All aglow as night time falls, walking in freezing temperatures around this city becomes a deLIGHTful time as Christmas lights twinkle and brighten trees, the sidewalk, the streets, shop windows, hotel facades, and restaurant roof tops. Here are some of my favorites as I walked from l'avenue de Champs Elysees to the Notre Dame de Paris:
Avenue de Champs Elysees

The Ferris Wheel at Place dela Concorde

Place Vendome, where the Ritz Hotel is located, from which Princess Diana and Dodi al Fayed had driven off from, before the fateful car crash.

On rue Saint-Honoré corner rue Royale

Courtyard at the Westin Hotel, rue Castiglione

Hotel Meurice on rue de Rivoli, behind the Jardin deTuilerie

Hotel de Louvre on rue de Rivoli, right behind the Musee de Louvre

Mac Donald's on rue de Rivoli

Etam and Sephora store facades on rue de Rivoli

BHV department store on rue de Rivoli

Hotel de Ville (city hall) on rue de Rivoli

The parvis of Notre Dame de Paris

May your Christmas celebration be joyously filled with the Light of the World.

Flea Market Finds: Trash or Treasure?

Earlier this afternoon, I invited my daughter, who is visiting for a few days, to come with me to go to another Parisian Christmas market at the Trocadero. Much to our surprise, we came upon a flea market.

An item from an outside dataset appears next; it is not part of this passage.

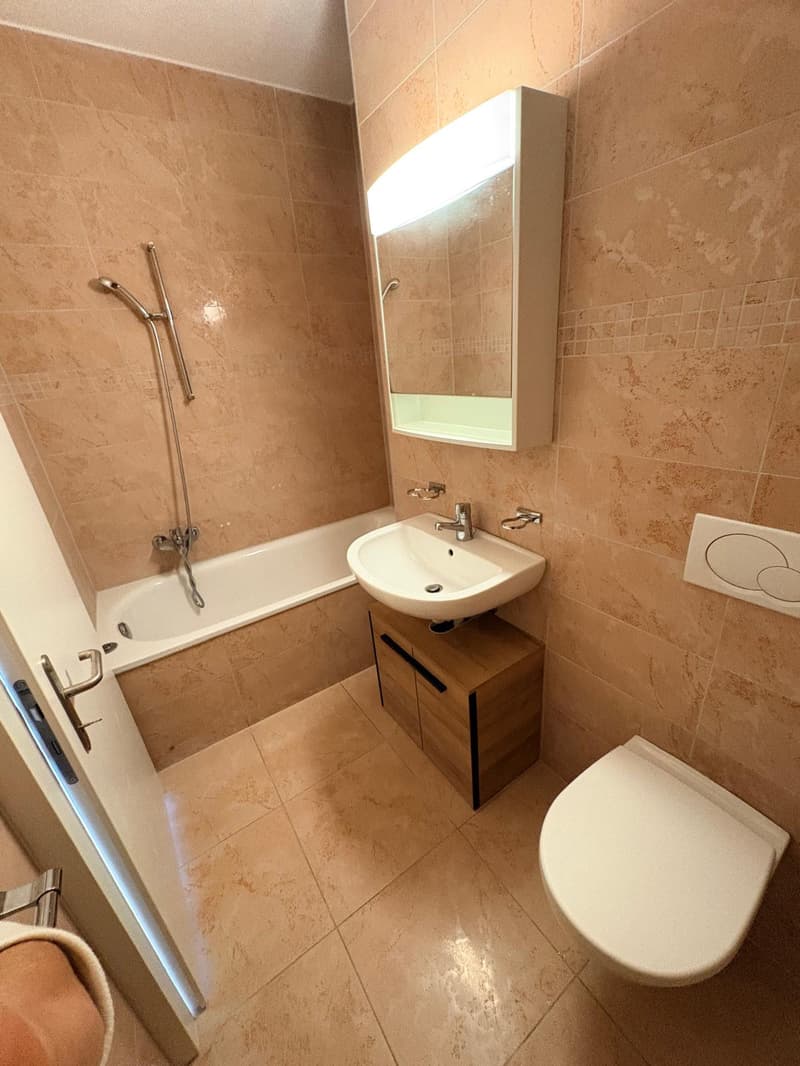 Superbe appartement de 4.5 pièces 95 m² env. dans un immeuble de caractère à Henniez (11)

All-year round, on specific days of the week, the place to go to for antiques and flea market finds is at the Clignancourt marché, in the 18th Arr. At different times of the year, timed during the holidays, antiquités et la brocante events are organized in different neighborhoods. This Sunday happened to be that day for the 8th Arrondisement, on President Wilson Avenue. We detoured for awhile to see what trash or treasures we could find.

I just got an idea from those 2 paintings hanging in the background...a kind of "dottism," a style I just coined. I am inspired to paint again, to try a different approach, and will be experimenting with this style, soon.

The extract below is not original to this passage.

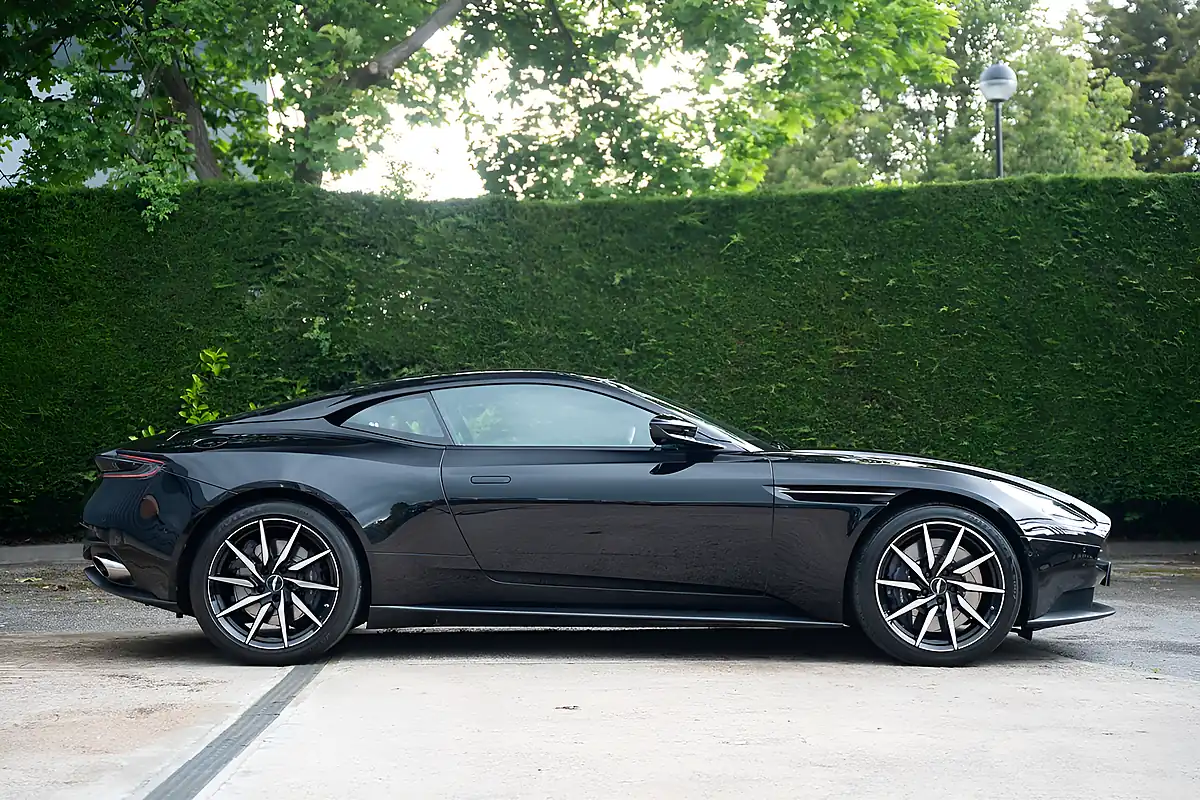 Used 2018 Aston Martin DB11 Onyx Black - Interior and Exterior details 6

Have you found any treasures, yet? I did in this next table.

I loved the multi-strand pearl necklace that I was holding, with the big bejeweled bow. I asked "Combien, madame? The reply made me take a was 550 euros! So much for that! Besides, I don't even have an occasion to wear it too. LOL

Market events, such as this, are always so well attended. The French and the foreigners rummage through old stacks of pictures and cards, books, clothing, and other little and big things. The traveling merchants set up shop for a day, displaying their goods on tables, in boxes, on shelves, on make-shift wall and hanging systems, and sometimes the things are just laid out on the ground. There were those who walked away with furniture pieces, lighting fixtures, serving pieces, and artworks; while we walked awake with the memory captured in our cameras.